**What this task involves:** Please print every record below exactly as it appears, but leave out the pictures.

**Source data:**
┄┄┄┄┄┄┄┄┄┄
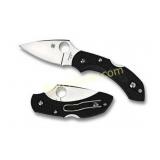 SPYDERCO DRAGONFLY2 BLACK FRN PLAIN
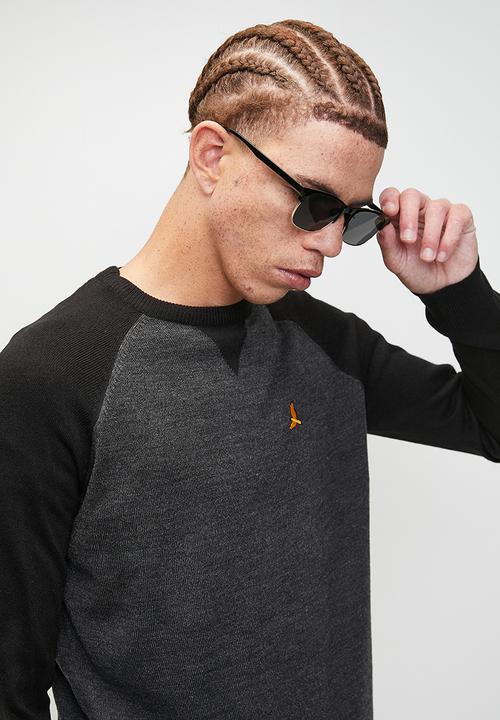 Brave Soul - Knitted - Dk Charcoal Mel/ Jet Black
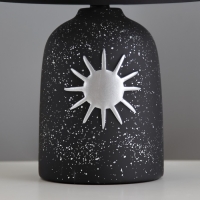 Настольная лампа "Мирель" Е14 40Вт черный 22,5х22,5х34 см RISALUX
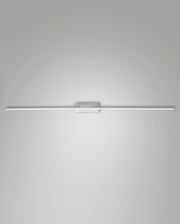Nala Lampada da Parete LED Integrato 20W 2460lm IP44 3000K Warm White Struttura in Metallo e Metacrilato Colore Bianco Design Moderno 109.5cm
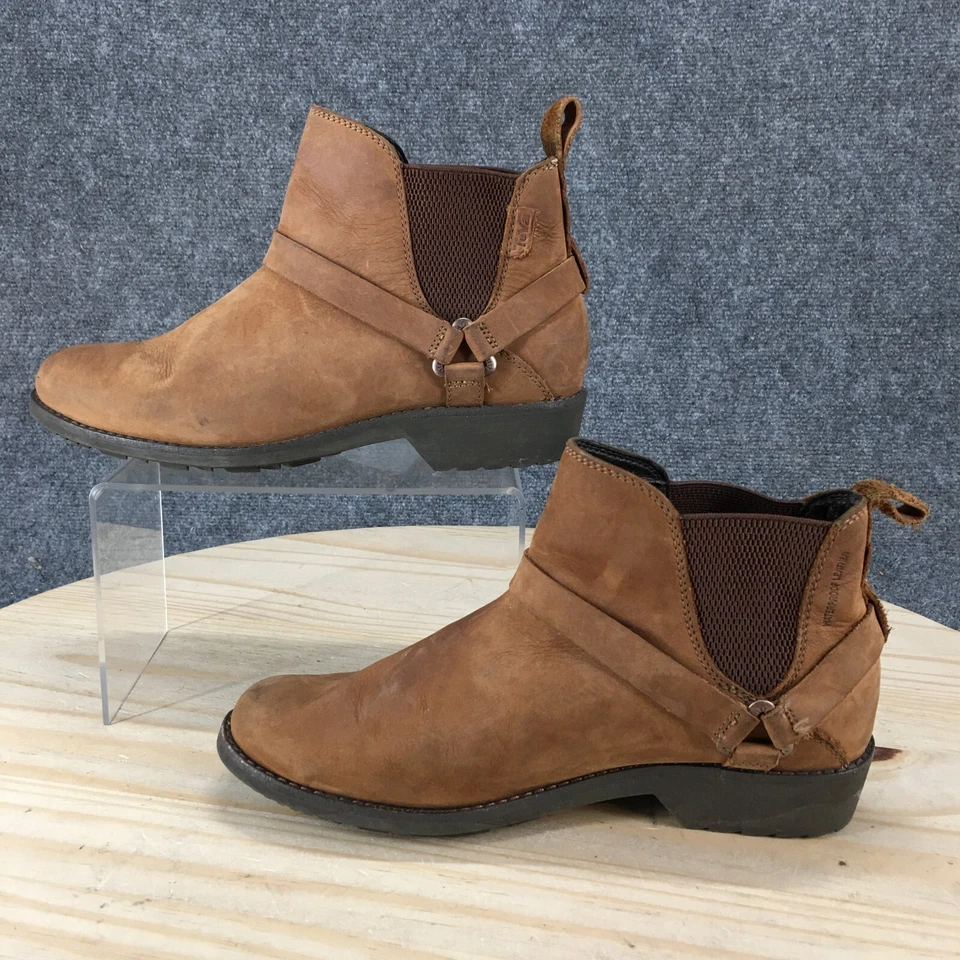 Teva Botas Mujer 7.5 De La Viña Dos Chelsea Botín al Tobillo 1017146 Cuero Marrón Foto 2 de 4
┄┄┄┄┄┄┄┄┄┄
**Your solution:**
 SPYDERCO DRAGONFLY2 BLACK FRN PLAIN
 Brave Soul - Knitted - Dk Charcoal Mel/ Jet Black
 Настольная лампа "Мирель" Е14 40Вт черный 22,5х22,5х34 см RISALUX
Nala Lampada da Parete LED Integrato 20W 2460lm IP44 3000K Warm White Struttura in Metallo e Metacrilato Colore Bianco Design Moderno 109.5cm
 Teva Botas Mujer 7.5 De La Viña Dos Chelsea Botín al Tobillo 1017146 Cuero Marrón Foto 2 de 4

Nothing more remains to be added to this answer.